The Emoluments Clause, U.S. Constitution, Art. I § 9, cl. 8 states: No Title of Nobility shall be granted by the United States:

And no Person holding any Office of Profit or Trust under them, shall, without the Consent of the Congress, accept of any present, Emolument, Office, or Title, of any kind whatever, from any King, Prince, or foreign State.

While there is actually some argument that the President is not a person holding an “Office”, that argument is rather esoteric, and is inconsistent with the views expressed by the Office of Legal Counsel over the years (including most recently, an opinion about whether President Obama’s acceptance of the Nobel Peace Prize would violate the Clause).  The real argument is whether the profit or revenue gained from a bone fide business transaction with a foreign government is an “Emolument.”

There are two views based on the definition of emolument.  The first, more narrow view, is that an emolument is something of value you gain from employment or personal service.  As the Office of Legal Counsel has explained, and as the Oxford English Dictionary teaches, the word “emolument” is primarily defined as “profit or gain arising from station, office, or employment: reward, remuneration, salary.”  Under this view, business transactions fall outside the definition because they do not result from employment or office.  Professor Andy S. Grewal of the University of Iowa has an excellent article outlining this view.

The second, broader view advanced by Larry Tribe, Norman Eisen and Richard Painter in a Brookings Institution paper is that given the history of this provision--which was intended to prevent foreign influence over federal officers, a broad definition is appropriate.  Thus, while they admit that the primary meaning of emolument is payment or reward you get from employment or office,  they argue that we should look to an older, secondary meaning of emolument:  “advantage, benefit, comfort.”  Under this definition, even legitimate business transactions are covered  because they provide a benefit to the officer.

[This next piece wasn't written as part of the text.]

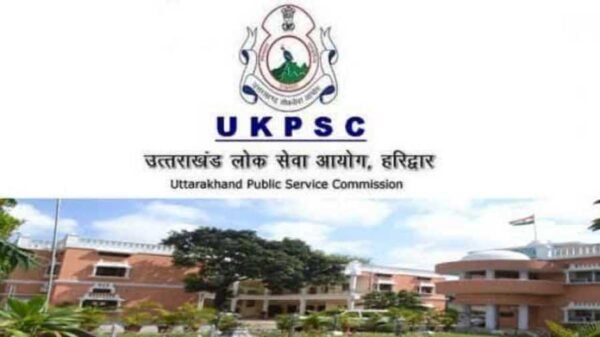 उत्तराखंड रोजगार समाचार: इस दिन होगी UKPSC की ये परीक्षा, डेढ़ लाख अभ्यर्थी होंगे शामिल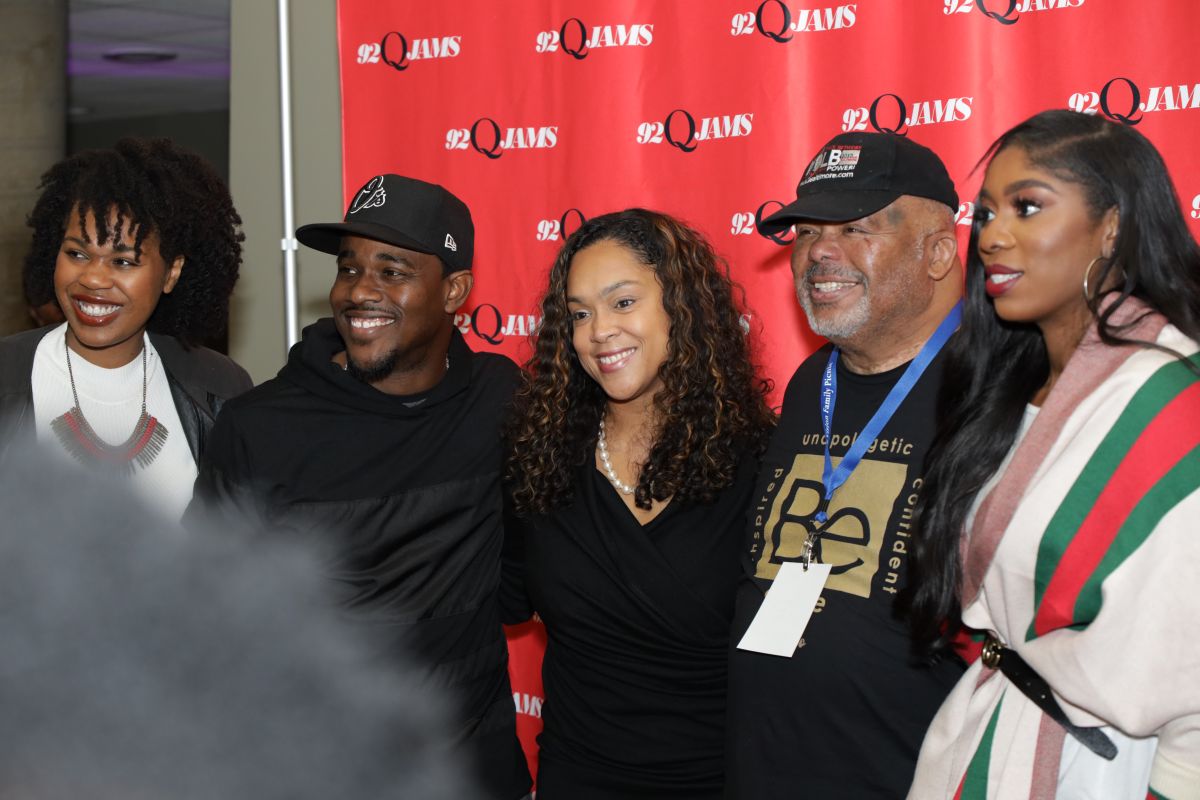 Maryilyn Mosby at BE Expo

While I think Tribe, Eisen and Painter make a compelling historical case for the broad view, their view is not consistent with how the Emoluments clause has actually been enforced in cases under the Emoluments Couse (largely involving military retirees and employees).  Indeed, when I worked on Emoluments issues before Trump was elected, I had always taken the employment-focused view.   This is because the two authorities that opine on the Emoluments Clause (Office of Legal Counsel and the Comptroller General) have consistently relied on the narrow, primary definition in their numerous opinions on this issue.  And more to the point, they have opined that it does not violate the Emoluments Clause if an officer works for a corporation that provides goods and services to a foreign government.  This is because the Emoluments Clause applies to natural “persons”, and if it is a corporation that receives revenue from a foreign government, its employees are not in violation of the Emoluments Clause.   The Office of Legal Counsel has opined that the Emoluments Clause comes into play in these circumstances only when the corporation is a “mere conduit” for the employment of the officer.  To be fair, however, I am not aware of any case brought to the Office of Legal Counsel that raised the extensive foreign business involvement of the Trump Organization.


What I find curious is that no one has focused on another key element of the Emoluments Clause.  It expressly allows Congress to consent to an emolument.  Congress has done so for most retirees and officers by enacting a statute that consents to all emoluments approved by agency heads.  Such approval is routinely granted in many circumstances.  I wonder if Congress would consent to President Trump’s emolument if a Court took the broader view?